Bibi and Bennett Break Up?

It’s becoming increasingly common to assume that Naftali Bennett and Jewish Home will join a Benjamin Netanyahu-led coalition government after the election. I’m not sure it’s a done deal, and this piece from Open Zion explains why:

Last week Jonathan Tobin wrote a piece in Commentary explaining the rise of Israel’s right. He focused on Jewish Home, the religious Zionist party set to become the third largest party in the Knesset, and its leader Naftali Bennett. After listing Bennett’s “advantages” (including being “savvy”), Tobin assumed that Bennett, because he was in a powerful position, would be brought into the next government coalition and “demand and get” a Cabinet position.

The problem with Tobin’s assumption about Bennett is just that—it’s an assumption. In fact, the evidence suggests the opposite of what Tobin concluded. There’s every reason to believe that its Bennett’s very strength that will make Bibi nervous and therefore just as likely to exclude Bennett from any coalition. Tobin neglects to mention, for instance, that Netanyahu and Bennett had a major falling out a few years ago, and only recently started speaking again. It’s not clear their personal relationship is a strong enough foundation to build on.

Of course, in politics personalities alone don’t founder political alliances. But Bibi is in Likud, and he wants his party to maintain control over whatever coalition emerges from the election. A powerful Jewish Home serving in the government, with its own agenda, could derail Bibi’s efforts to maintain a stable coalition and endanger his own position.

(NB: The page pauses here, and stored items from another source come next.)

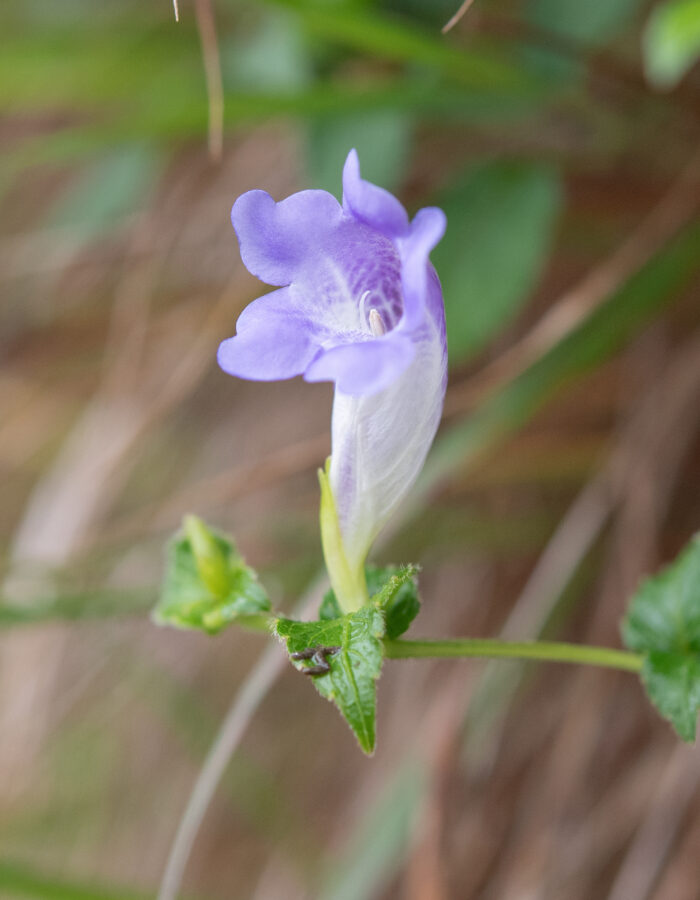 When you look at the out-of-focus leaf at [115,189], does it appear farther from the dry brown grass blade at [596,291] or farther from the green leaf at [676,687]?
the green leaf at [676,687]

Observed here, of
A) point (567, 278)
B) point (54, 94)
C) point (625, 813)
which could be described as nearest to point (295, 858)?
point (625, 813)

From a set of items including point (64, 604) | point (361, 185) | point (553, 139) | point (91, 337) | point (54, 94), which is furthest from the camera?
point (91, 337)

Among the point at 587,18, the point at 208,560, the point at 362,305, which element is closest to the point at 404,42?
the point at 587,18

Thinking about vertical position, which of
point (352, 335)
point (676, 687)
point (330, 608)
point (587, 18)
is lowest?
point (676, 687)

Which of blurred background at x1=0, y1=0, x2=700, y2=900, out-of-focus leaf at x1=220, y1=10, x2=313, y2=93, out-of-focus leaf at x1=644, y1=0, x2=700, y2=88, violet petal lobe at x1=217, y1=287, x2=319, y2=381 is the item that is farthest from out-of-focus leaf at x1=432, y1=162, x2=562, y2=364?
violet petal lobe at x1=217, y1=287, x2=319, y2=381

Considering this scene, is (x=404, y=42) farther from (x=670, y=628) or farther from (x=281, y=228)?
(x=670, y=628)

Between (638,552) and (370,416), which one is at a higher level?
(638,552)

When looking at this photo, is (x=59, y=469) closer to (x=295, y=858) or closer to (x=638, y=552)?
(x=295, y=858)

There is also the image problem. David Horovitz correctly notes that—despite popular misconceptions—Bibi hasn’t been building settlements throughout the entire West Bank. But Bennett would—at least throughout Area C, which he wants to annex—while maintaining security control over the rest of the territory. And unlike Bibi, who has publicly said he supports the two-state solution, Bennett has been explicit that the Palestinians won’t get their own state.

Bringing Jewish Home into the government will also distract from other issues, particularly social and economic ones—which Israelis have said are their top concerns. Expending resources on settlements at this time might even bring back the ghost of Yitzhak Shamir to haunt Bibi. In the 1992 election, Shamir insisted on defending expenditures on settlements even while Israelis were telling pollsters they wanted the government to focus on issues within the Green Line. Shamir’s West Bank focus cost him the election.

Because of all this, Bibi is less comfortable with Bennett than Tobin, and others, assume. He’s always had other coalition options, but it’s been hard for Bibi to directly attack Bennett. Bennett is very popular, and many among the right and religious Zionist community see him as a savior-type figure. And Bibi’s own Likud party’s shift to the nationalist right has constrained him.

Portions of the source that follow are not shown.